# CS 3110/5990: Data Privacy
## Homework 4

In [1]:
# Load the data and libraries
import pandas as pd
import numpy as np
from scipy import stats
import matplotlib.pyplot as plt

def laplace_mech(v, sensitivity, epsilon):
    return v + np.random.laplace(loc=0, scale=sensitivity / epsilon)

def pct_error(orig, priv):
    return np.abs(orig - priv)/orig * 100.0

adult = pd.read_csv('https://github.com/jnear/cs3110-data-privacy/raw/main/homework/adult_with_pii.csv')

## Question 1 (10 points)

Complete the definition of `dp_sum_capgain` below. Your definition should compute a differentially private sum of the "Capital Gain" column of the `adult` dataset, and have a total privacy cost of `epsilon`.

In [18]:
def dp_sum_capgain(epsilon):
    b = 99900
    capgain_sum = adult['Capital Gain'].clip(upper=b).sum()

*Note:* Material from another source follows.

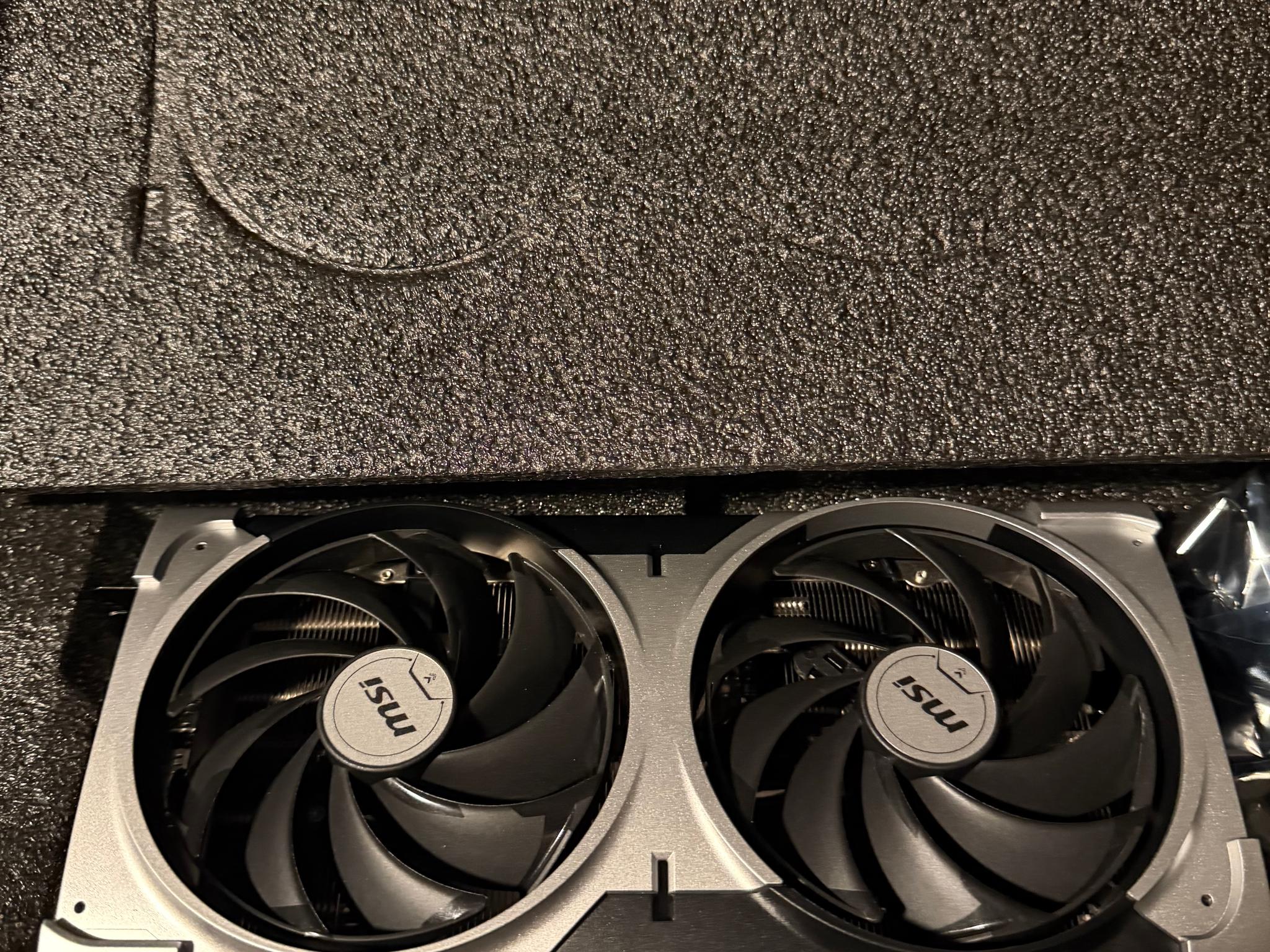 MSI VENTUS 2X OC BLACK GeForce RTX 5070 - Image 4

    dp_sum = laplace_mech(capgain_sum, sensitivity=b, epsilon=epsilon)
    return dp_sum

dp_sum_capgain(1.0)

35146604.40296236

In [17]:
# TEST CASE for question 1

real_sum = adult['Capital Gain'].sum()
r1 = np.mean([pct_error(real_sum, dp_sum_capgain(0.1)) for _ in range(100)])
r2 = np.mean([pct_error(real_sum, dp_sum_capgain(1.0)) for _ in range(100)])
r3 = np.mean([pct_error(real_sum, dp_sum_capgain(10.0)) for _ in range(100)])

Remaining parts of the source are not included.